I am one of those folks who, even on Election Night, questioned the numbers’ veracity, especially in places like Florida and Ohio, and I am far from a conspiracy adherent. For instance, I firmly believe men walked on the moon and that Elvis really is dead.
Some reports are certainly anecdotal: In Texas, a blogger reported “a friend” had noticed, upon checking her selections on an electronic voting machine (EVM) ballot, that her straight Democratic ticket had magically awarded her presidential vote to the Republicans.
As an isolated happening, this might be merely an amusing glitch. But coupled with numerous other documented incidents—including a Youngstown, Ohio, EVM recording a “total” of negative 25 million votes; thousands of Ohio voters in overwhelmingly African-American (and traditionally Democratic) precincts having their ballots “challenged”; and people waiting in line for eight hours because of too few machines in (again) Ohio, in (surprise) mainly Democratic precincts—things now aren’t so funny.
Ohio is not unique. Alleged Election Day shenanigans have been reported from all over.

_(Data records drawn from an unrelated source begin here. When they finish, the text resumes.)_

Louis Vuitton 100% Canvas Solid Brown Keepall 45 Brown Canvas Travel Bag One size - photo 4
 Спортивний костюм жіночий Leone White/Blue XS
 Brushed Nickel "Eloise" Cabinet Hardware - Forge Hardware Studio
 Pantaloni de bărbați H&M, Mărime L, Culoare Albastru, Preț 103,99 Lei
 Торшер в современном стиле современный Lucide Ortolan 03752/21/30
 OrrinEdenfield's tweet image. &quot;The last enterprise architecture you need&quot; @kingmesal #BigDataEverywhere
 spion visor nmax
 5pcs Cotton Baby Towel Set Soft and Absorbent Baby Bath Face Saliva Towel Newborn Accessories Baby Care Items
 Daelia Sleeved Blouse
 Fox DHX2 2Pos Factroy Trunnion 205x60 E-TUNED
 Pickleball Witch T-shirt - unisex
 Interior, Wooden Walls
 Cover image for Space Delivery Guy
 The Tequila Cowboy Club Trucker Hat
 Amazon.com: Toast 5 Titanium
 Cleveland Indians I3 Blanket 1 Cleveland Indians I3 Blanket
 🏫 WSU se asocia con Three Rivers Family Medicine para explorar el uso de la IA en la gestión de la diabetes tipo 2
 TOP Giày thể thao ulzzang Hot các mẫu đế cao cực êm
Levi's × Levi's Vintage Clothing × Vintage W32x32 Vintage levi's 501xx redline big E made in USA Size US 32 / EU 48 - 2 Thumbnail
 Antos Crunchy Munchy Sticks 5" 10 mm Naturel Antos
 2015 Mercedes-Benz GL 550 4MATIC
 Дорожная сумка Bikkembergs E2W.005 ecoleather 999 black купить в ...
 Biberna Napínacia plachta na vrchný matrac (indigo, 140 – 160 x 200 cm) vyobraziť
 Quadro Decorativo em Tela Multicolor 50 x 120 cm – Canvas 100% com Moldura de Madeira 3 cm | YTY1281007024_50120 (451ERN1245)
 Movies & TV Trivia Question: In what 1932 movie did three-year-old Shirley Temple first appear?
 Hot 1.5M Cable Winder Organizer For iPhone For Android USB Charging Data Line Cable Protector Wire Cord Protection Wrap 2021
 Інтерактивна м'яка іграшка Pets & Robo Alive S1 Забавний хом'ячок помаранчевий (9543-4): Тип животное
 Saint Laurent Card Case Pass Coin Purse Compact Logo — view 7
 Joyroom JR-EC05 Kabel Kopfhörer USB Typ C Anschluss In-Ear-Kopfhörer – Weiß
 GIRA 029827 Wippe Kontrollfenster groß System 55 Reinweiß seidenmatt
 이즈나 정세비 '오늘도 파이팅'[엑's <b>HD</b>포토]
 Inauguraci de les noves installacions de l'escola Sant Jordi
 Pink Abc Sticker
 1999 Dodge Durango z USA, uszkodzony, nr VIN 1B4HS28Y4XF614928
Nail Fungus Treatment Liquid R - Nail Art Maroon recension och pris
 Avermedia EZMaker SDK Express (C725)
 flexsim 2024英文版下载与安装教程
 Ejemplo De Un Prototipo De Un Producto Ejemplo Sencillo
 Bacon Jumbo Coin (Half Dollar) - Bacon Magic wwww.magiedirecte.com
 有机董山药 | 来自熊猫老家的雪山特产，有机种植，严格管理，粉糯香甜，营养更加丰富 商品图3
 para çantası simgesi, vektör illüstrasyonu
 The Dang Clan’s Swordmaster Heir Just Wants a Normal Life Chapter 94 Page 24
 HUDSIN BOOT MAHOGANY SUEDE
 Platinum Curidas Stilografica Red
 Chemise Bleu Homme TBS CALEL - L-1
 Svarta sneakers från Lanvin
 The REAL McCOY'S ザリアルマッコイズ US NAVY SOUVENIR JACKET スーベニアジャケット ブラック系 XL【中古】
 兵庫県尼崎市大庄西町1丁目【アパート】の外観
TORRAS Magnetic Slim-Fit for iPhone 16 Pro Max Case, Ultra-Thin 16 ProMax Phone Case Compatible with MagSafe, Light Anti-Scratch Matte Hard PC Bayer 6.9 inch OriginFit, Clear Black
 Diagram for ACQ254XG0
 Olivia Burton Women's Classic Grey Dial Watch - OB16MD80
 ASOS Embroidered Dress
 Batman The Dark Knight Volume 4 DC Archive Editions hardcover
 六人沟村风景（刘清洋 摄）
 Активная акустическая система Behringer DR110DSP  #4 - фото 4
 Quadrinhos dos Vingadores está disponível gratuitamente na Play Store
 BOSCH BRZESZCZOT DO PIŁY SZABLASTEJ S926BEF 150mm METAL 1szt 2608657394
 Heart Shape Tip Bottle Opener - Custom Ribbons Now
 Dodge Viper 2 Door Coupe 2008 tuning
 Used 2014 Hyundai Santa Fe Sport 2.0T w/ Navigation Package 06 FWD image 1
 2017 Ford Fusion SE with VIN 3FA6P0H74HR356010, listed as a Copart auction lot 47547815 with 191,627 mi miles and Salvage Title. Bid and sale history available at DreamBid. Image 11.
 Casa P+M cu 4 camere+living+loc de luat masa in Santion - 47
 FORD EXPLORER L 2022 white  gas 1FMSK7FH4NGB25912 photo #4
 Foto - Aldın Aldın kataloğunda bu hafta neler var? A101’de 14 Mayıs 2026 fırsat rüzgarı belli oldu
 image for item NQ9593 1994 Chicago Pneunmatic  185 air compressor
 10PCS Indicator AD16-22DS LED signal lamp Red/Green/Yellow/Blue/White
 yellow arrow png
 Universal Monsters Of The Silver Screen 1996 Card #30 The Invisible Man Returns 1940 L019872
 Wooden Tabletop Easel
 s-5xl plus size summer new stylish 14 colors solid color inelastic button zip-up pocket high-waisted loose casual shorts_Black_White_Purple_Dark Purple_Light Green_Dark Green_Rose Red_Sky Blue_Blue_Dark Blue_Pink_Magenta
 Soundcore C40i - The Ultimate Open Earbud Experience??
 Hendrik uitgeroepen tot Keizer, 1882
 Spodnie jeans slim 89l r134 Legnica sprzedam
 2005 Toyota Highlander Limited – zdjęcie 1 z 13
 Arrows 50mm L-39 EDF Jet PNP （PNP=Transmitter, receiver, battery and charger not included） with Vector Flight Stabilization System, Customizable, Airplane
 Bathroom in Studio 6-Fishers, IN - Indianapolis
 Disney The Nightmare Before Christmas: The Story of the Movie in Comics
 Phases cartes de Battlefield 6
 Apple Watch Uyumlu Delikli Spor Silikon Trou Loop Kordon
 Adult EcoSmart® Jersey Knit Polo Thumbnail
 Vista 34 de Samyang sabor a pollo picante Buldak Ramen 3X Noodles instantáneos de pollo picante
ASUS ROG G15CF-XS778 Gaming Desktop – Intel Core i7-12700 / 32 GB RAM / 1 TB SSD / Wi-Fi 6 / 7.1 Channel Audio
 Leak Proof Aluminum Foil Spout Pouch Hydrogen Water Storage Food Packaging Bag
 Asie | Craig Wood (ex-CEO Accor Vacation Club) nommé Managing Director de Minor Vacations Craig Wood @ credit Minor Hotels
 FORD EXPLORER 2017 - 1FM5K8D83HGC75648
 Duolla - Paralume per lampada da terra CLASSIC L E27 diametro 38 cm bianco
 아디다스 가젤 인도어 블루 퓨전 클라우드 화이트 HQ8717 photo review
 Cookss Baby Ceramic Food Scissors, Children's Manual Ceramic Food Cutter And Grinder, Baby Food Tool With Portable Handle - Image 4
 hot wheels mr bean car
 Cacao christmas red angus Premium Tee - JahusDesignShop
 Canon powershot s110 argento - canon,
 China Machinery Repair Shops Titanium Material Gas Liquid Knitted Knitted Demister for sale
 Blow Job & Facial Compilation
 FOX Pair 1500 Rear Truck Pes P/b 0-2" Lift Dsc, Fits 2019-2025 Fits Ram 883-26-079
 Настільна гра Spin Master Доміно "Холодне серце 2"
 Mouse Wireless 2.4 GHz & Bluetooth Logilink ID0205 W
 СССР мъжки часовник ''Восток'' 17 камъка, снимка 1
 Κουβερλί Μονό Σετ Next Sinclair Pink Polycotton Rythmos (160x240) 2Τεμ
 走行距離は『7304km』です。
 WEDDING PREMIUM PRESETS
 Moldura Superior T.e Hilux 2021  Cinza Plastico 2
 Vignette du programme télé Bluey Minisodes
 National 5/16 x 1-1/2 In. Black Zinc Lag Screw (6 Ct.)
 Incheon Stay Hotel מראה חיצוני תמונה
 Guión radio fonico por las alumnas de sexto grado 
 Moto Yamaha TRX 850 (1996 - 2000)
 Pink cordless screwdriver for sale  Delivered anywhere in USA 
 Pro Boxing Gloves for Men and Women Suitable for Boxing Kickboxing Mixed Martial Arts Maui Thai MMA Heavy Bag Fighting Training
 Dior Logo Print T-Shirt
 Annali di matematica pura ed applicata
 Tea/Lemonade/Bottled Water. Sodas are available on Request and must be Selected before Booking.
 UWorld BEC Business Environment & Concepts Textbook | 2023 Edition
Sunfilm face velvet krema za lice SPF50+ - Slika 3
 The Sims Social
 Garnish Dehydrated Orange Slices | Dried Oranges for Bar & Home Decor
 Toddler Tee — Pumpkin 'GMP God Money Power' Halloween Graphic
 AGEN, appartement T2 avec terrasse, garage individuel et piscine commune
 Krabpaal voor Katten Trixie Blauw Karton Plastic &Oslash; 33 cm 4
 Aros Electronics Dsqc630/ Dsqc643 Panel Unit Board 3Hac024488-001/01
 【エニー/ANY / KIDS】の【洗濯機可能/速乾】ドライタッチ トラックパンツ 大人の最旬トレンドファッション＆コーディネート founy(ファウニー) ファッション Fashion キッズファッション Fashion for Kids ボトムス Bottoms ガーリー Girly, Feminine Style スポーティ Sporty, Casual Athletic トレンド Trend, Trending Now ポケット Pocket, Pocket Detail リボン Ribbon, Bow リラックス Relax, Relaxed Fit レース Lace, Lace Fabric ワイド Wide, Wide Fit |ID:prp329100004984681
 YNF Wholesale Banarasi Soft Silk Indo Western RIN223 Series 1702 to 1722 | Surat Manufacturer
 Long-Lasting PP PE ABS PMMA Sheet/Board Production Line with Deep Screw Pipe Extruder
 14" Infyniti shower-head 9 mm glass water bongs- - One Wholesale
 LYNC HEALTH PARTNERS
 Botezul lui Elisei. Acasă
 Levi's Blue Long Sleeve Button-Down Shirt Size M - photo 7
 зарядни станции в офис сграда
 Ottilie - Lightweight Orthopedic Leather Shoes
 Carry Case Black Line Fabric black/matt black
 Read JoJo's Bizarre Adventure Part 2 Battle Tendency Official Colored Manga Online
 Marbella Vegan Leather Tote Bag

Mainstream media coverage has been largely nonexistent. One exception: MSNBC’s Keith Olbermann, who has been reporting regularly about balloting irregularities. Olbermann, though, fully recognizes the possibility of the “fruitcake factor,” thus posting on his November 10 blog (www.msnbc.msn.com/id/6210240), “The most pleasing thing of the last three days of blogs and newscasts is the reassurance from political professionals that all of you (all of us) who have wondered about what went on [on Election Day] are not necessarily nuts. We might not necessarily be right, but there are some very stodgy, very by-the-book folks who think we’re damned right to be asking.”
It’s not crazy to want to know if elections are on the square. In fact, some might call it being responsible. Concerned citizens should contact mainstream media outlets now to demand this story be investigated fully before presidential electors’ votes are certified on December 13.